Korean e-commerce start-ups have seen breakthroughs in fundraising over the last few years, but investors are already concerned about the future of the industry
To Tae Hea Nahm, managing director of Storm Ventures, the launch of Apple's iPhone in South Korea in 2009 was a milestone in more than just consumer electronics. By giving the country's internet users a truly open platform that it did not control, mobile carrier KT Corp. opened a window that the domestic e-commerce talent wasted no time climbing through.
"By opening up the mobile internet, that allowed companies like Kakao, Come2us, Coupang, anyone in the mobile service sector to really take off," says Nahm. "Before the iPhone, none of those companies could have succeeded in Korea, because KT controlled whatever software goes on the phone."
But now Nahm sees that window closing, thanks to the saturation of the local e-commerce market and the formidable obstacles presented for overseas expansion. While established domestic consumer internet businesses may continue to do well, newcomers to the market will have to deal with the growing power of China's internet players, while start-ups seeking to go overseas face similar challenges building a foreign customer base. In addition, the country's chaebols continue to pose a serious block to smaller companies hoping to tackle the business-to-business (B2B) space.

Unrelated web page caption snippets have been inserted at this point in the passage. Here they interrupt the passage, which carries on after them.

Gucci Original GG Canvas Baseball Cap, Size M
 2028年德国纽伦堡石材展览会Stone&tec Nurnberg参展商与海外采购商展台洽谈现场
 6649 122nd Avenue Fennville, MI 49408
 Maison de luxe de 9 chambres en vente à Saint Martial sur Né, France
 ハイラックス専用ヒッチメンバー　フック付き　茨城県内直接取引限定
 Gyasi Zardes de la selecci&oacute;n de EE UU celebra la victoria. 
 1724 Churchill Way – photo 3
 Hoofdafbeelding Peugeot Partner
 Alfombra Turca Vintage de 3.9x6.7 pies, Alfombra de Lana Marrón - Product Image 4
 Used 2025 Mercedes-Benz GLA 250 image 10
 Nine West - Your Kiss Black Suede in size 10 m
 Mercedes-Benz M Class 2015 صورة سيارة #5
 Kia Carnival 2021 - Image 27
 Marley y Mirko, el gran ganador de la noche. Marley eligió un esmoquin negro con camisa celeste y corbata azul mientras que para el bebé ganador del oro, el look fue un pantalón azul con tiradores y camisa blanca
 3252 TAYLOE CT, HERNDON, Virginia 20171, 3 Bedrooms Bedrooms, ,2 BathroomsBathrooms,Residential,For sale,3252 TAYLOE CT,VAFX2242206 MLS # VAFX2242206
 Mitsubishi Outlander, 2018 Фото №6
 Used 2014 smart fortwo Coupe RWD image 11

While not all investors agree with this assessment, many feel that Korean start-ups are facing challenging times. There are still opportunities available for new entrepreneurs and the country's well-developed mobile internet infrastructure and sophisticated consumer base remain a key attraction for e-commerce operators. But the need to focus on increasingly specific customer bases leaves industry players questioning their ability to capture the market share that the country's trailblazers have gained.
The awakening
It is hard to deny that the industry has made considerable progress since the introduction of the iPhone, though it took some time for the effects to be seen. AVCJ Research's records show relatively low levels of VC funding for Korean e-commerce start-ups between 2009 and 2012, with $74 million deployed across 14 deals. The really big-ticket transactions started in 2013; in the following three years e-commerce companies received more than $1.5 billion across 19 investments.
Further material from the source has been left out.